Today, we spend a moment with Dr. Todd Milton (a ruminate nutritionist) to learn more about what cattle eat and how we care for the nutritional needs of the animals in our feed yards.



√ Question: What is your role on the feed yard team?

√ Answer: Dr. Todd: I see my job as a cattle nutritionist as having two main components.

 I use my doctorate training to formulate diets for the cattle as well as to oversee the technological tools that we use to batch and mix the cattle casseroles that we serve to our animals. Cattle diets are created using locally available feed ingredients, and our goal is to maintain good animal health while implementing environmentally friendly feeding practices to deliver balanced and nutritious feed three times per day to the animals.

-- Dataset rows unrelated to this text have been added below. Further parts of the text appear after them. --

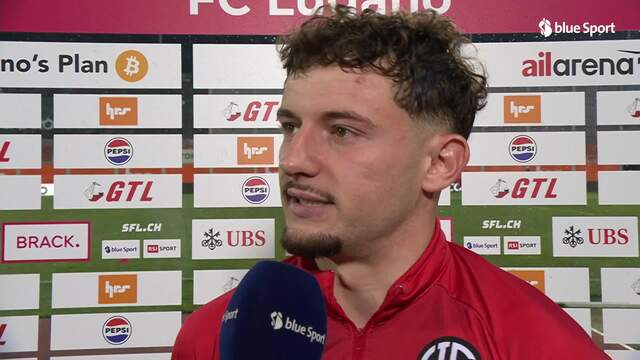 Dos Santos: «Gibt mir sicher einen extra Push»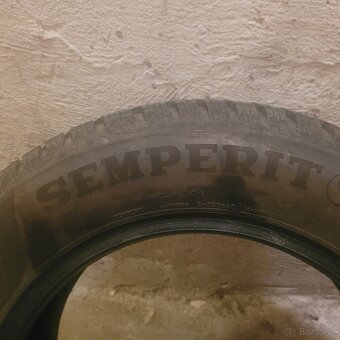 185/65 R 15 Zimné - 2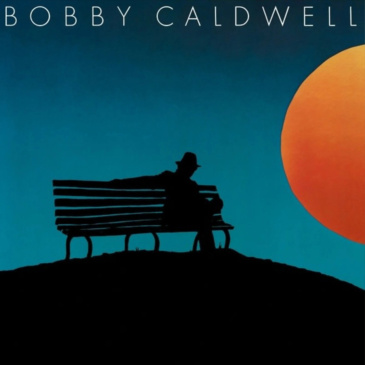 Bobby Caldwell - Bobby Caldwell [T.K. Recoreds / 1978]
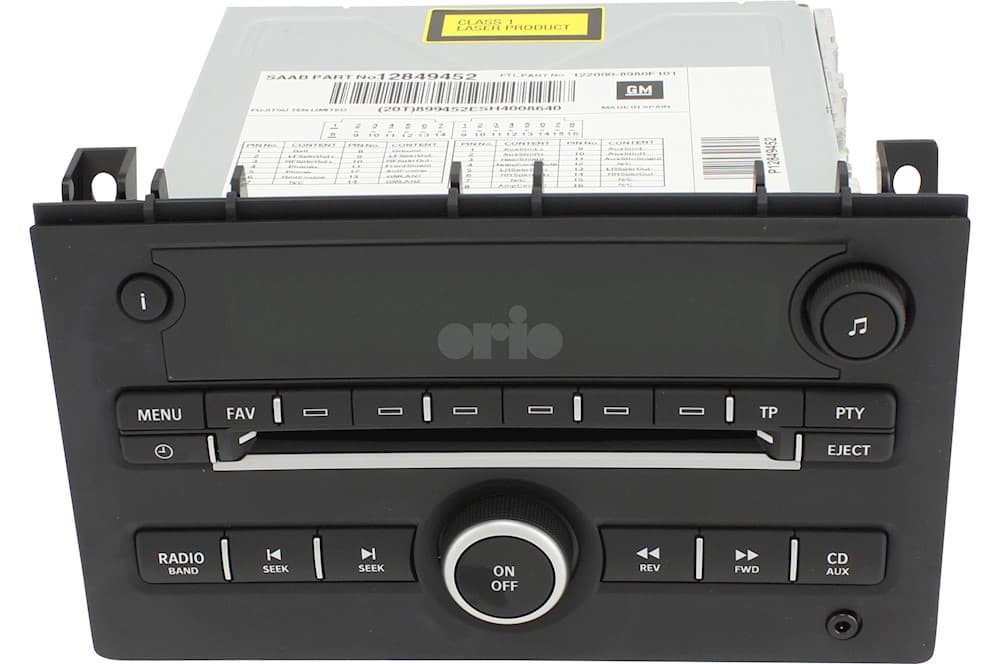 Radio-1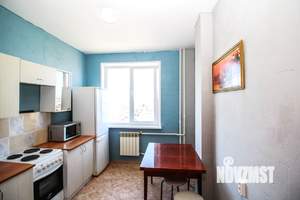 1-к квартира, вторичка, 39м2, 8/9 этаж
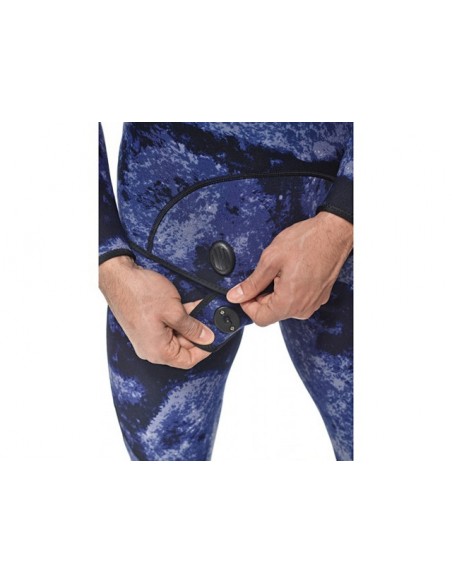 Wetsuit Seac Sub Makaira 2 mm. Wetsuit Seac Sub Makaira 2 mm. Wetsuits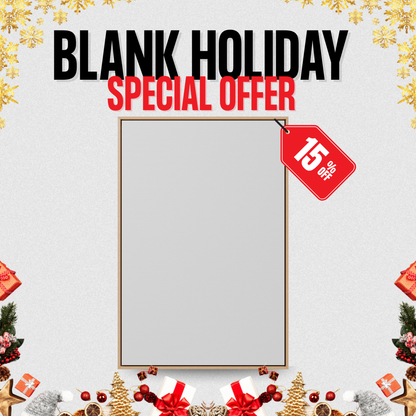 Customize Your Canvas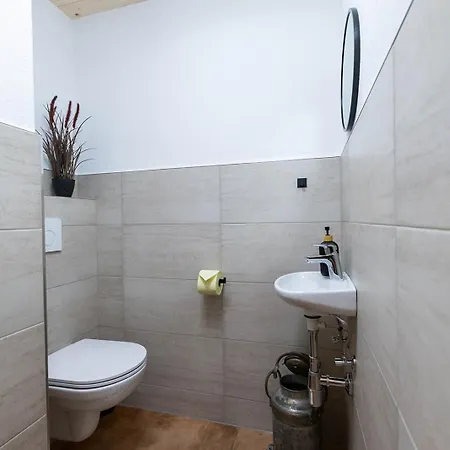 Kummererhof Appartement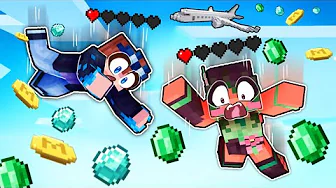 Der er den DYRESTE DROPPER - Minecraft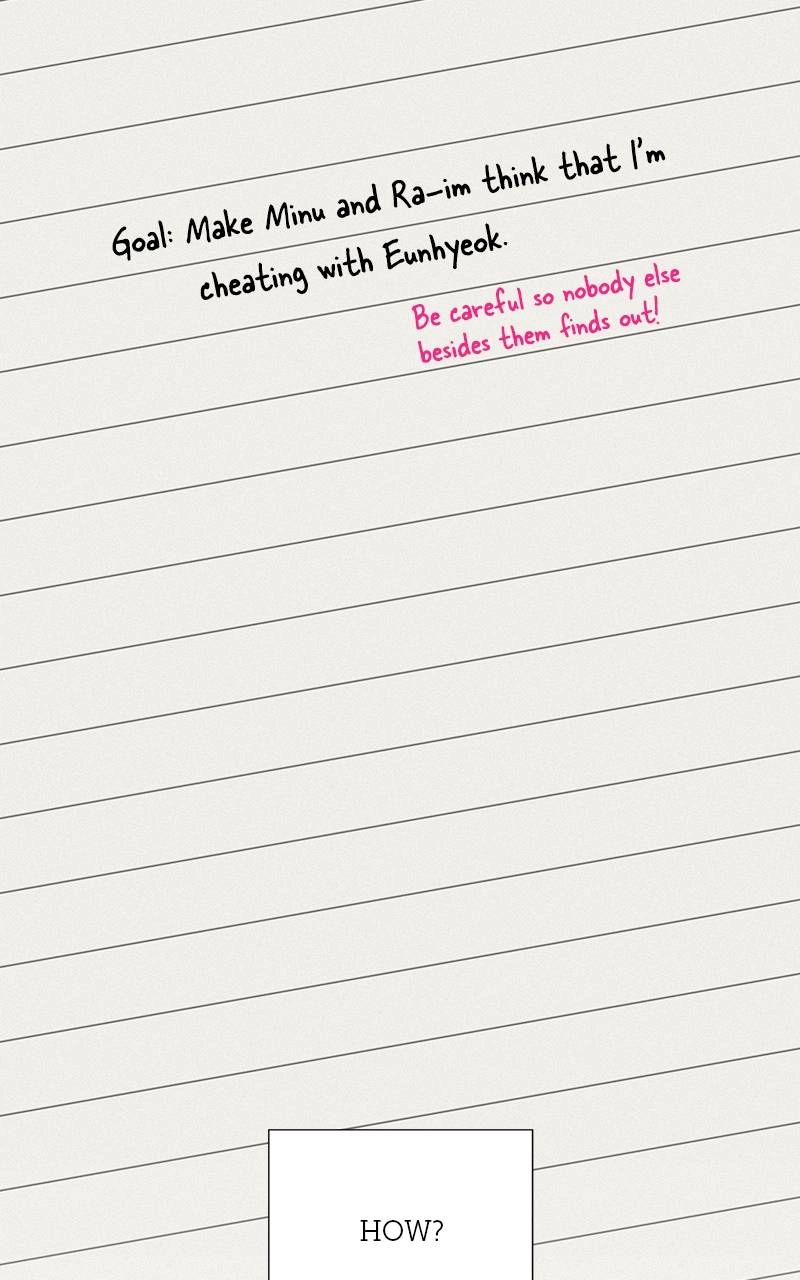 Operation: True Love Chapter 32, page 90 of 119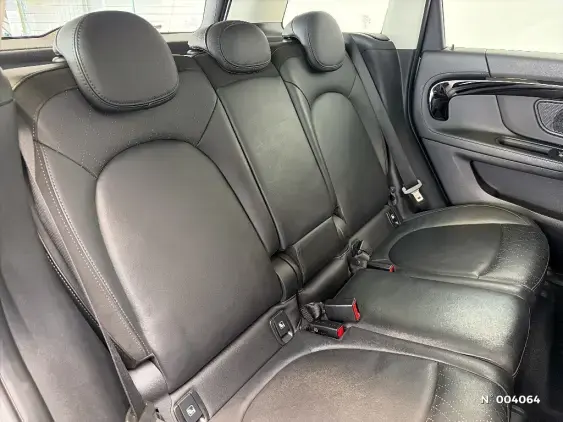 MINI COUNTRYMAN II - voiture d'occasion - Photo 11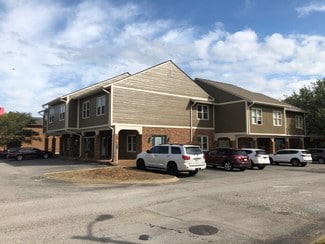 Nashville, TN Office - 211 Donelson Pike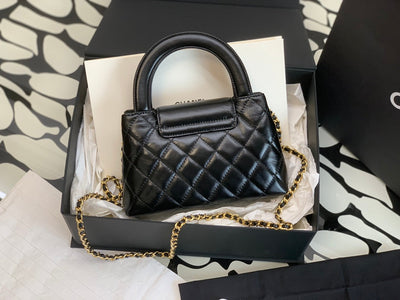 Chanel Kelly  Bag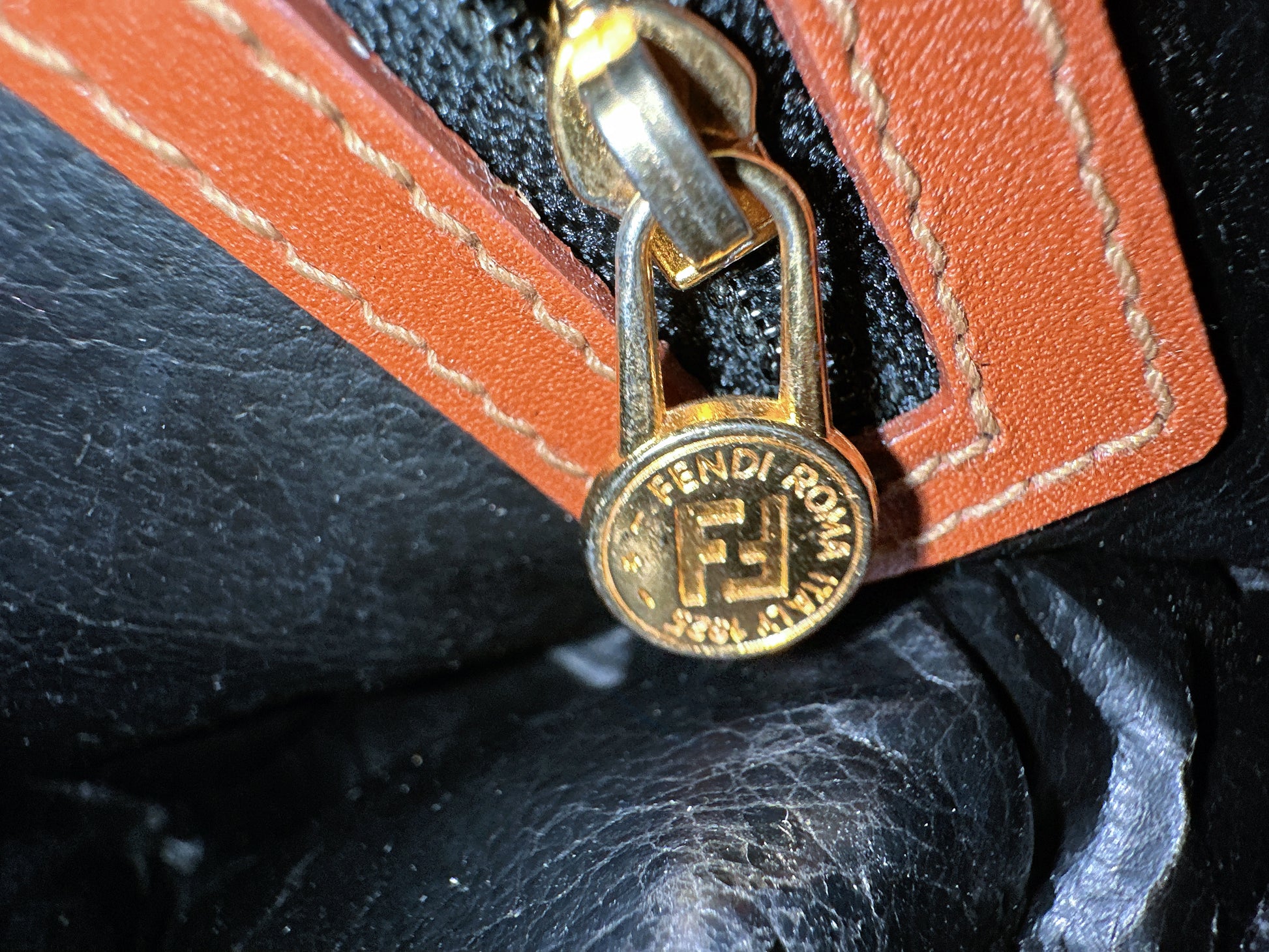 Vintage boston mini Pequin image 13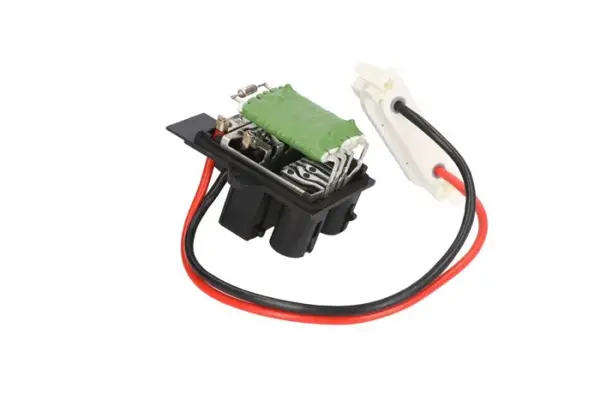 Regulator trepte ventilator habitaclu RENAULT CLIO II, THALIA I 1.2-2.0 dupa 1998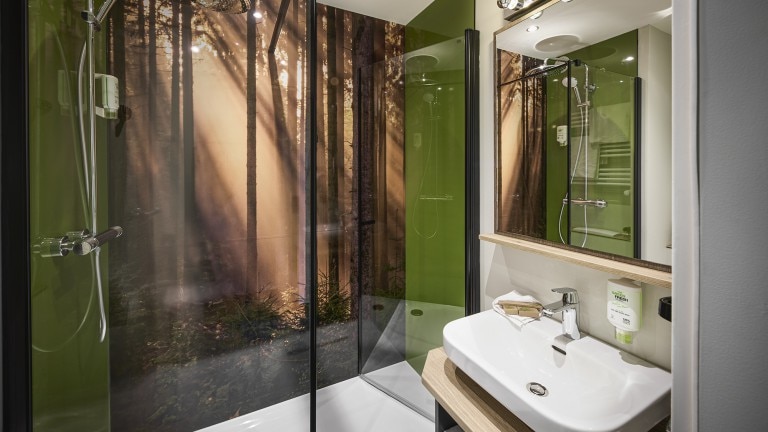 Privilege kamer - Sauerland Stern Hotel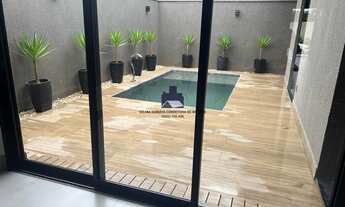 Imagem 7: Casa à venda no Condomínio Terra Vista Residence Club - Mirassol/SP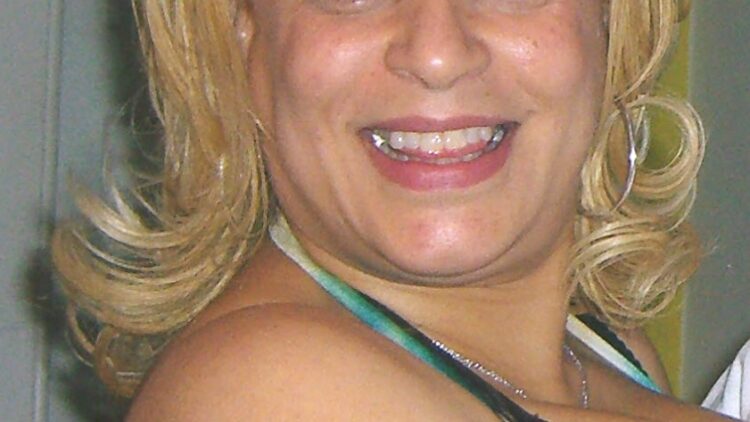 Norma Baez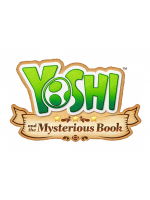 Yoshi and the Mysterious Book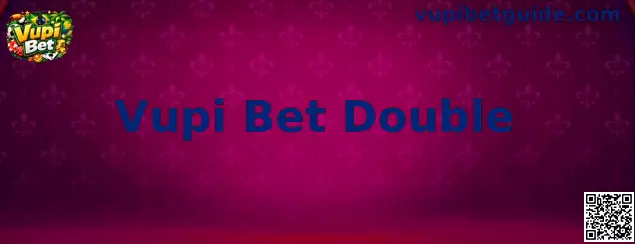 Imagem ilustrativa do jogo Vupi Bet Double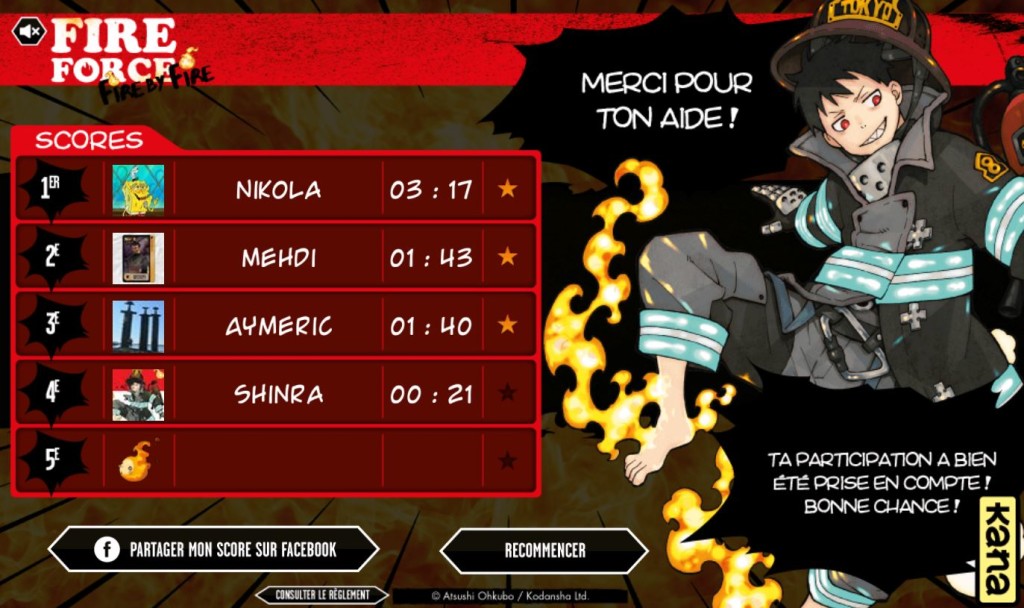 scores ff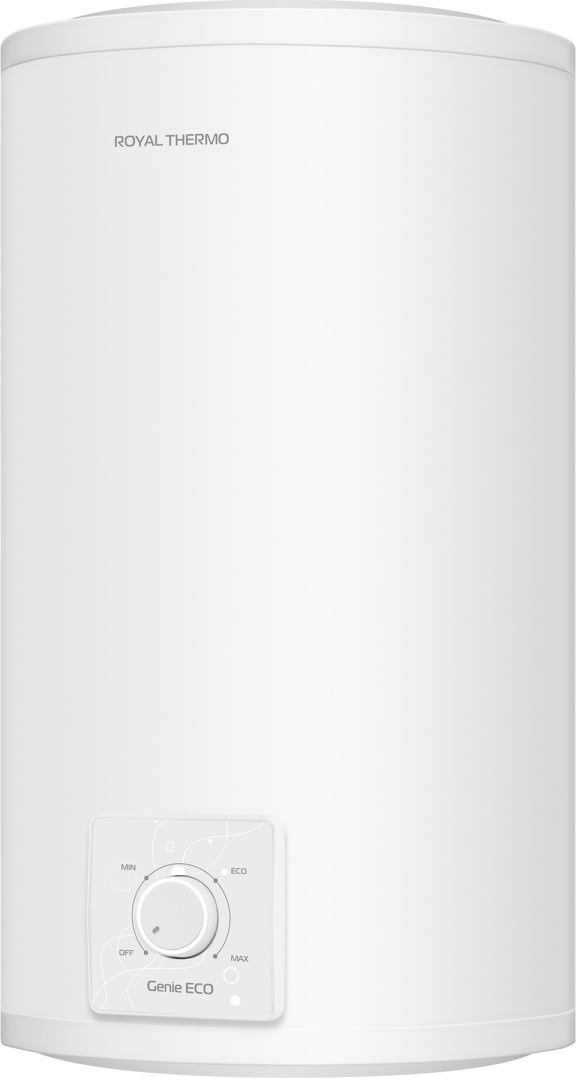 Водонагреватель Royal Thermo RWH 15 Genie ECO O  - фото1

I use my mind and my heart to coach my team. Gathering local feed ingredients, formulating rations, and checking feed mixing machines provide the recipe for good cattle nutrition. But, it is the people that care for the cattle that determine our success. I spend a lot of time training my feed yard crews – teaching them the needed skills to consistently and carefully deliver the daily feed to the cattle. As I train, I also coach and motivate the team to work together with passion and dedication. It is our God-given responsibility to take good care of our cattle; and, as a coach, my role is to mentor and inspire my team members.

√ Question: How do you determine what types of feed to give to the cattle? What does it mean to formulate a ration?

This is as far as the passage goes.